##### Listed records

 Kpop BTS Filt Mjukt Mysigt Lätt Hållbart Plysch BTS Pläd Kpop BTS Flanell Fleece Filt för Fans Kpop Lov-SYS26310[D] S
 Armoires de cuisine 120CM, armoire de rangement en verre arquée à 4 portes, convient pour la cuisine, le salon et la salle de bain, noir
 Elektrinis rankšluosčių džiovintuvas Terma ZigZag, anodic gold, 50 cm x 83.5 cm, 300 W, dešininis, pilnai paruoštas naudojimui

##########
##### Listed records

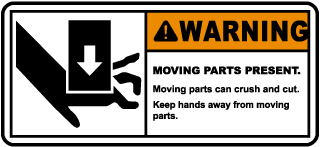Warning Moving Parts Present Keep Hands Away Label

##########

- Work request
Find the line with "Armoires de cuisine" in the material above. Reproduce it and each line after it up to and including the line with "Elektrinis rankšluosčių džiovintuvas".

- Your solution
 Armoires de cuisine 120CM, armoire de rangement en verre arquée à 4 portes, convient pour la cuisine, le salon et la salle de bain, noir
 Elektrinis rankšluosčių džiovintuvas Terma ZigZag, anodic gold, 50 cm x 83.5 cm, 300 W, dešininis, pilnai paruoštas naudojimui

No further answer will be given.